Raymond Lauret : « La priorité reste le respect des droits de l’Homme »

Le conseiller régional Raymond Lauret a tenu à préciser que ce rassemblement est apolitique et que sa présence est avant tout celle d’un citoyen venu apporter son soutien. « Saïd Larifou a choisi de mener un combat politique dans le pays où il est né et dont il a également la nationalité. C’est son droit et tout à son honneur, comme tout citoyen qui entreprendrait une telle démarche ». « Ce combat politique, comme tout autre combat, est fait de coups que l’on donne et de coups que l’on reçoit, c’est pourquoi il faut respecter sa lutte, mais je n’ai pas, en tant que citoyen français, à me prononcer. C’est une affaire interne aux Comores », constate-t-il. « La priorité reste le respect des droits de l’Homme, c’est pourquoi je suis présent pour soutenir Madame Larifou et interpeller les citoyens du monde, dont je fais partie. Je me félicite que l’on ai précisé que cette manifestation ne visait pas à faire de la récupération politicienne. Celle-ci n’est certainement pas de mise, car il serait dangereux pour lui que ses difficultés personnelles en fassent l’objet, ce serait même honteux ».

Par Estéfany

Confrontation dans le bureau de la juge
L’opposant comorien Me Saïd Larifou et le Français Philippe Verdon, accusés de "complot et d’atteinte à l’autorité et à la sûreté de l’État" en septembre dernier, ont été entendus mardi par la juge Thanay Tasmine. Me Larifou a été assisté par une infirmière, en raison de son état de santé, lors de cette audition de près de cinq heures, qualifiée de « dilemme » par Me Fahmi Saïd Ibrahim qui a été commis d’office le même jour pour défendre M. Verdon.

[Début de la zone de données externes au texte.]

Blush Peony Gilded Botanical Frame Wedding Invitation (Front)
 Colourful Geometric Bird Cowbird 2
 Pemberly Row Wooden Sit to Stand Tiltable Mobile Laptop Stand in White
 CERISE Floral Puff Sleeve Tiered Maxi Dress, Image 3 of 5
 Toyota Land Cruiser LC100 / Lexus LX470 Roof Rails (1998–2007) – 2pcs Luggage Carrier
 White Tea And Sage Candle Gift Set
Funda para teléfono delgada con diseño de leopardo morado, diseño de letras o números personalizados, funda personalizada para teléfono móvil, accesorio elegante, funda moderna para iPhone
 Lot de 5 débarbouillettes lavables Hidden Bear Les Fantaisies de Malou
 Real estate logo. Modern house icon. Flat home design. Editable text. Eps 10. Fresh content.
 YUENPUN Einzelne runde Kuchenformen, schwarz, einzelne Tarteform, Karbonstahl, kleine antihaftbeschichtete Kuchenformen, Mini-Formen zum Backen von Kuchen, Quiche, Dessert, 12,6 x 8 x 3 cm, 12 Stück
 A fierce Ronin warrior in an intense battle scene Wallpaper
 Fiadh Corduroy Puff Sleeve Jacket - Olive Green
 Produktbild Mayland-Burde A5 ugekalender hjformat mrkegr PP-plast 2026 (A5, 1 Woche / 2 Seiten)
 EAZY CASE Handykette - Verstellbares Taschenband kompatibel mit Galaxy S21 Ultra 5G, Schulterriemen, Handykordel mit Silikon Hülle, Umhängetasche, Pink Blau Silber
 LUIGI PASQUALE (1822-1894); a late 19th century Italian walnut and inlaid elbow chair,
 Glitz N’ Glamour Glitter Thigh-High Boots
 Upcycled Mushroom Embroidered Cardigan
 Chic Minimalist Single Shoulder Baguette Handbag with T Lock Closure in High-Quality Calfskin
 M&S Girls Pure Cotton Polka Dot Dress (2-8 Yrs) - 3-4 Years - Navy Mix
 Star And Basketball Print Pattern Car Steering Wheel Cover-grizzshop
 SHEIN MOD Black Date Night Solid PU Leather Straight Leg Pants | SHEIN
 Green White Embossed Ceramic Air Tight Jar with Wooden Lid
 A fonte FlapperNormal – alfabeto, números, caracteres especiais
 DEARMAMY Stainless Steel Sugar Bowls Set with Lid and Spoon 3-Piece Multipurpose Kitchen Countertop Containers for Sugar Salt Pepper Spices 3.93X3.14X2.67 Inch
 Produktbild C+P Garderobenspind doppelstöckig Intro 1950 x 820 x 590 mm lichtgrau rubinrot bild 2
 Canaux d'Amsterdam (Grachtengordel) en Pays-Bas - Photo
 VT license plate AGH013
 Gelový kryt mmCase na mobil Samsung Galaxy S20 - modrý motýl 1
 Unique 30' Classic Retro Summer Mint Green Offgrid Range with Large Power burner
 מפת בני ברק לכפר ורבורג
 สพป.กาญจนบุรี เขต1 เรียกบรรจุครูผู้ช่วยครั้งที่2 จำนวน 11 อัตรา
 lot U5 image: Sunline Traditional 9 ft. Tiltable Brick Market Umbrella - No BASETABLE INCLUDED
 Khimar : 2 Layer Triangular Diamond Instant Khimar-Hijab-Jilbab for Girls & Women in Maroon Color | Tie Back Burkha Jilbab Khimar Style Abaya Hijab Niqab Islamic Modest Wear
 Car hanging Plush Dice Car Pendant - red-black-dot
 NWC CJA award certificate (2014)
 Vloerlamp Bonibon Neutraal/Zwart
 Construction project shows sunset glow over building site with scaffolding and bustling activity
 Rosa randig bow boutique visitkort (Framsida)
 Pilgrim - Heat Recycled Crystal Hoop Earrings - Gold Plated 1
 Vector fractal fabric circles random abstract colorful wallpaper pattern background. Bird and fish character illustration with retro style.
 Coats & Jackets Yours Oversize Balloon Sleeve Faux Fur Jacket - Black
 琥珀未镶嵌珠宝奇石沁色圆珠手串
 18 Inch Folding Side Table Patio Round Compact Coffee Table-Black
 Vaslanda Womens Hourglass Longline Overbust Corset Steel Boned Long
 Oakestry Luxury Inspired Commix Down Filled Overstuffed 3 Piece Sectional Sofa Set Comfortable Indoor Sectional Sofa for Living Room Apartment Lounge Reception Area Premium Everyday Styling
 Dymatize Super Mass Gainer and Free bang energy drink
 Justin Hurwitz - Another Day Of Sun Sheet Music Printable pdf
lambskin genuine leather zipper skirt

Une suspension d’un quart d’heure, rapportent des proches de Saïd Larifou, aurait été demandée et obtenue pour permettre au malade de se reposer. La confrontation prévue pour lundi mais reportée, s’est tenue deux semaines après ce que des proches du pouvoir, à Moroni, appellent « des révélations accablantes de M. Verdon » qui a changé de version pour charger son ami Larifou. Le 18 décembre, Philippe Verdon, qui a toujours soutenu avoir rencontré un officier comorien à l’insu de M. Larifou, est revenu sur ses déclarations, affirmant que l’opposant était au courant de ses rencontres avec le commandant Comba Ayouba.

Avocat des deux inculpés dès le début de l’affaire, Me Fahmi s’est dessaisi du dossier le 29 décembre en « apprenant la déposition de Philippe Verdon tendant à élever une contradiction entre lui et Saïd Larifou ».